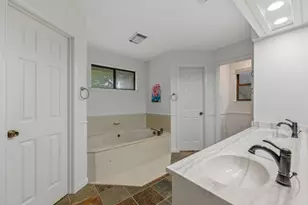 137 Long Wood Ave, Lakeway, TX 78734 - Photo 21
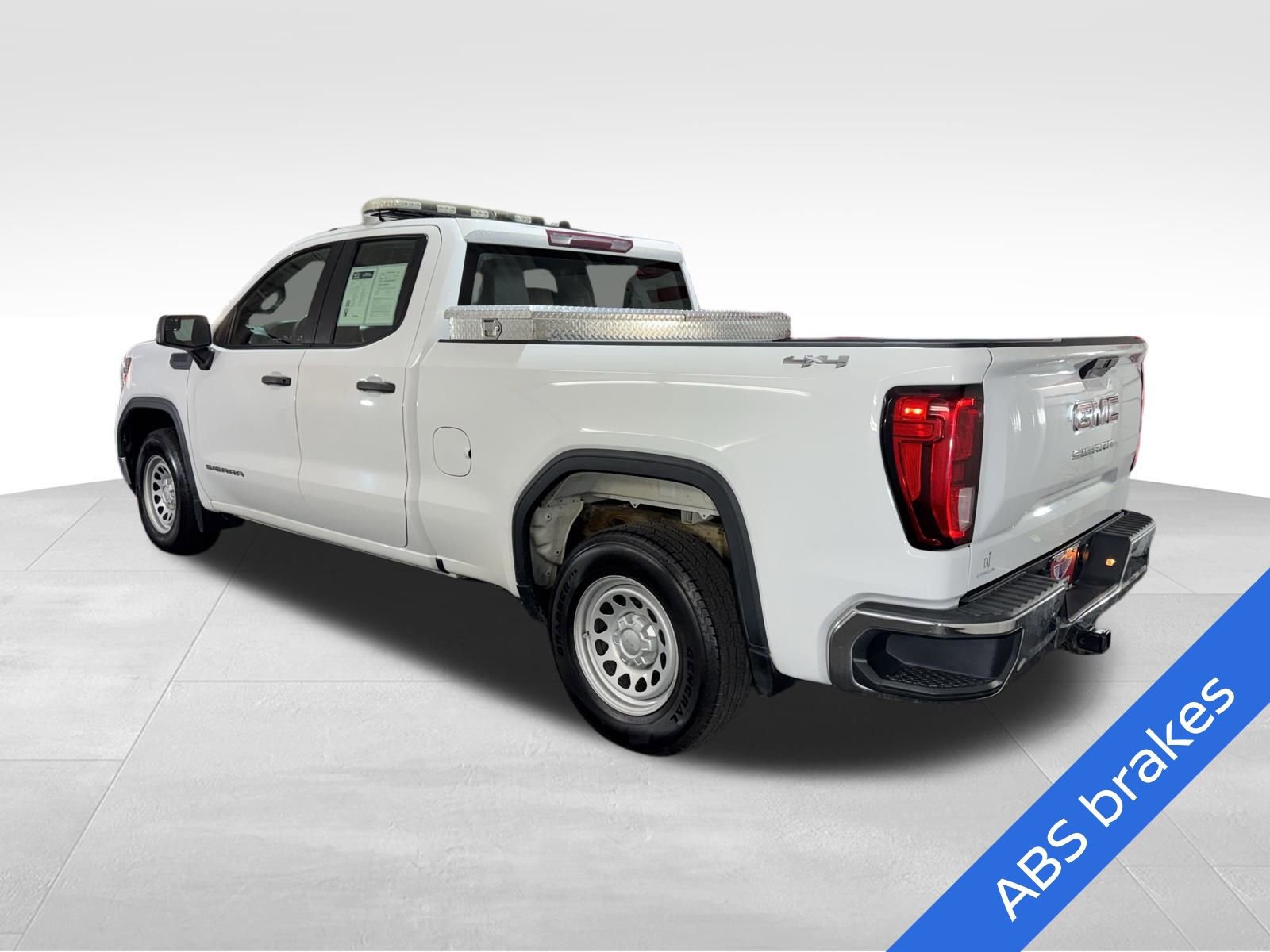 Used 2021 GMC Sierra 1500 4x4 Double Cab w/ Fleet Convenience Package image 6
--------------------------------------------------
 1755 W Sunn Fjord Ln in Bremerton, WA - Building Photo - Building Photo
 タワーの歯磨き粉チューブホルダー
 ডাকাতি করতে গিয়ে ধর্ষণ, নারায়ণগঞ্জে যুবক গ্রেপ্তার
--------------------------------------------------
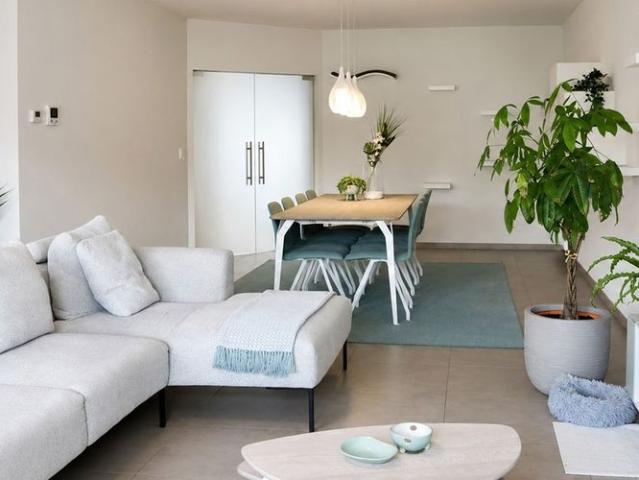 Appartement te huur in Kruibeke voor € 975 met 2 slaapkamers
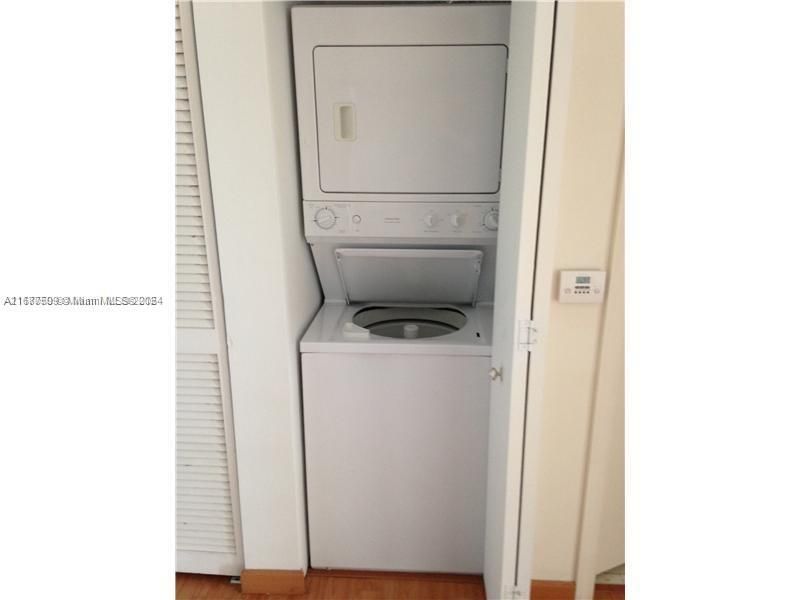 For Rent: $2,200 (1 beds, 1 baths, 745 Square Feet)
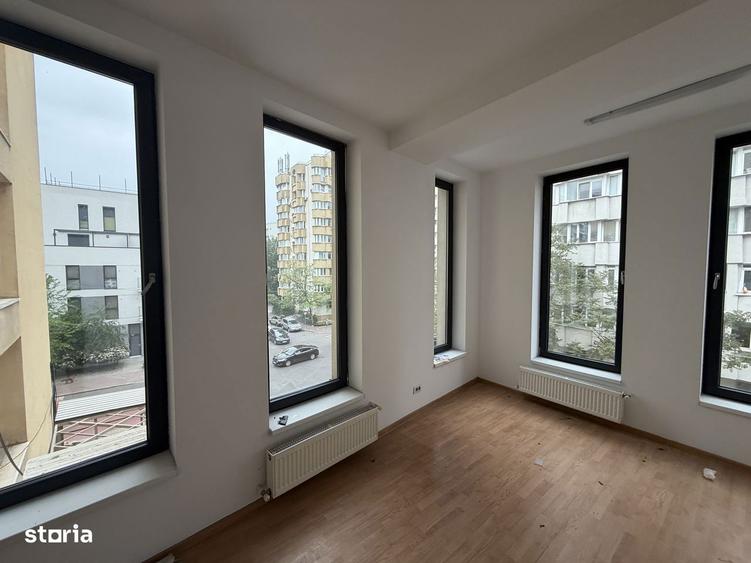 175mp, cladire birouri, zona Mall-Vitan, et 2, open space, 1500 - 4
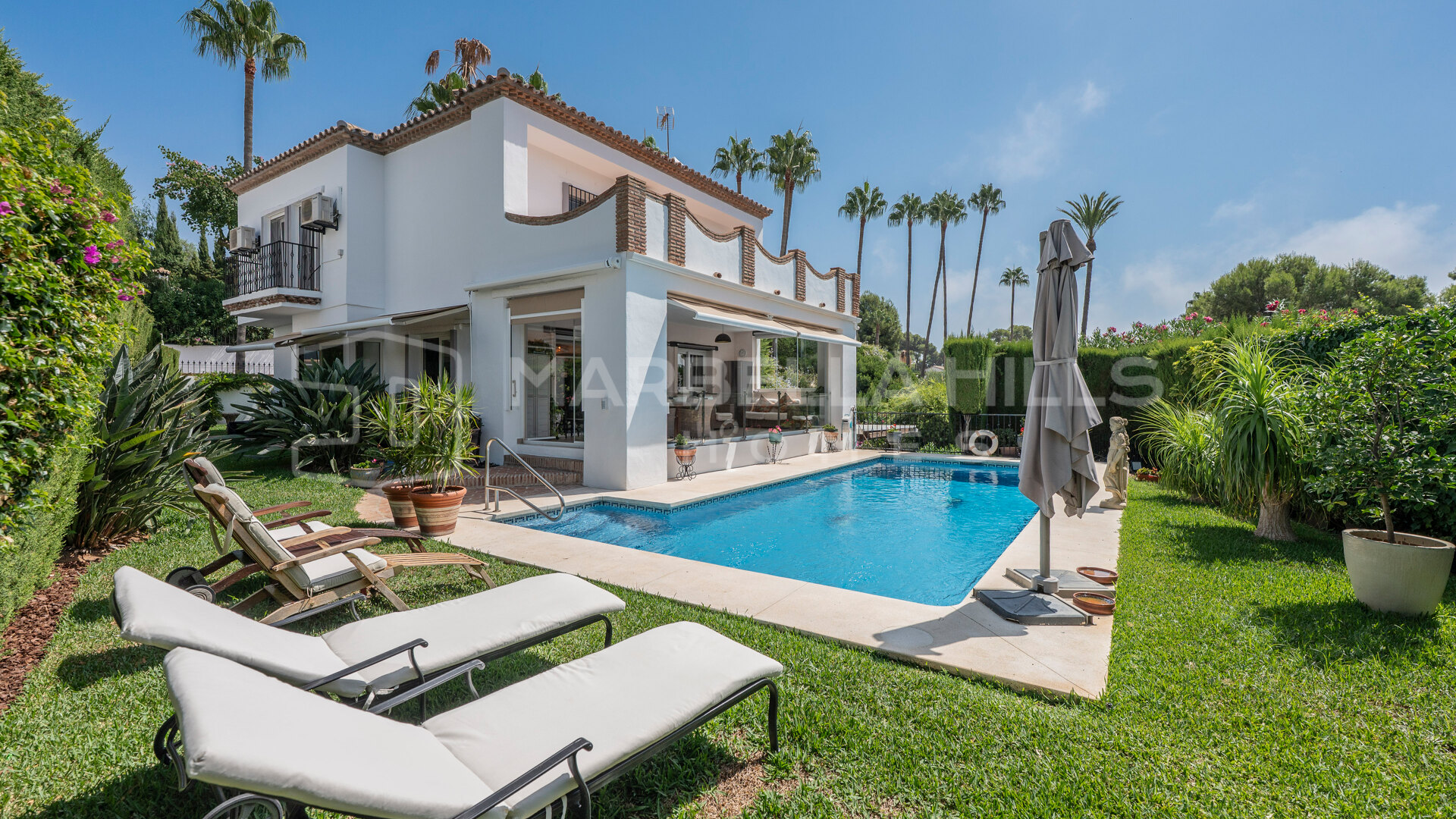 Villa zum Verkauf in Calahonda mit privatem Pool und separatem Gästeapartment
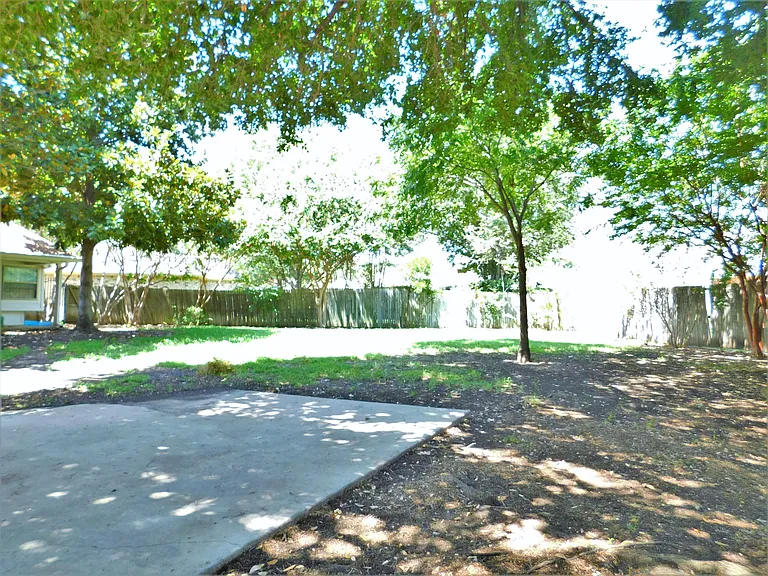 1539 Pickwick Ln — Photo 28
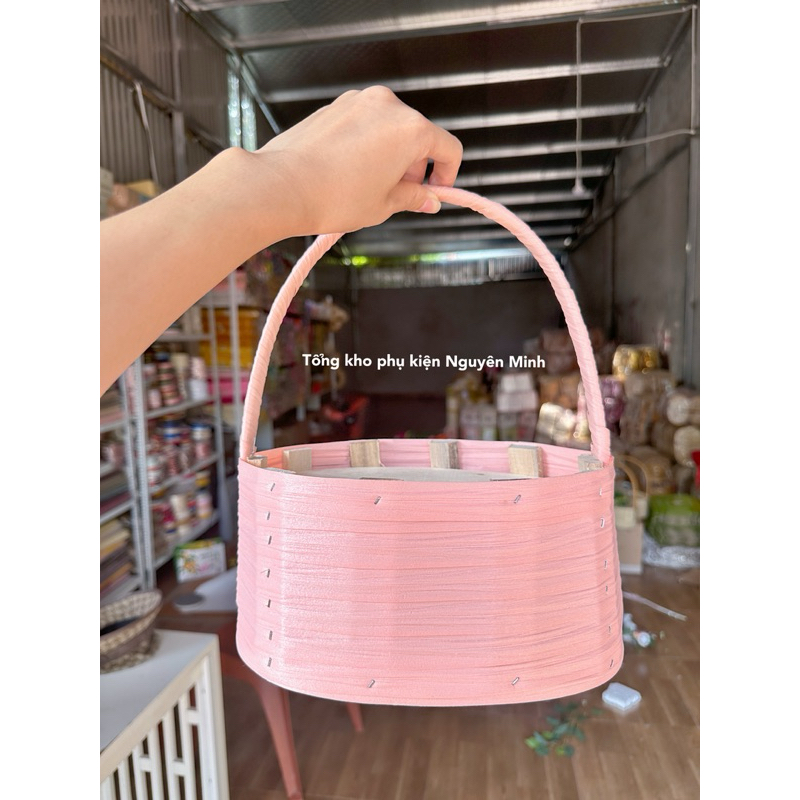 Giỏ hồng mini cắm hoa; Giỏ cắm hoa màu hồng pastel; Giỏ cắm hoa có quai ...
--------------------------------------------------
WORK INSTRUCTION: Take the listing above and repeat exactly the lines from the one containing "タワーの歯磨き粉チューブホルダー" through the one containing "ডাকাতি করতে গিয়ে", both included.

EXERCISE ANSWER:
 タワーの歯磨き粉チューブホルダー
 ডাকাতি করতে গিয়ে ধর্ষণ, নারায়ণগঞ্জে যুবক গ্রেপ্তার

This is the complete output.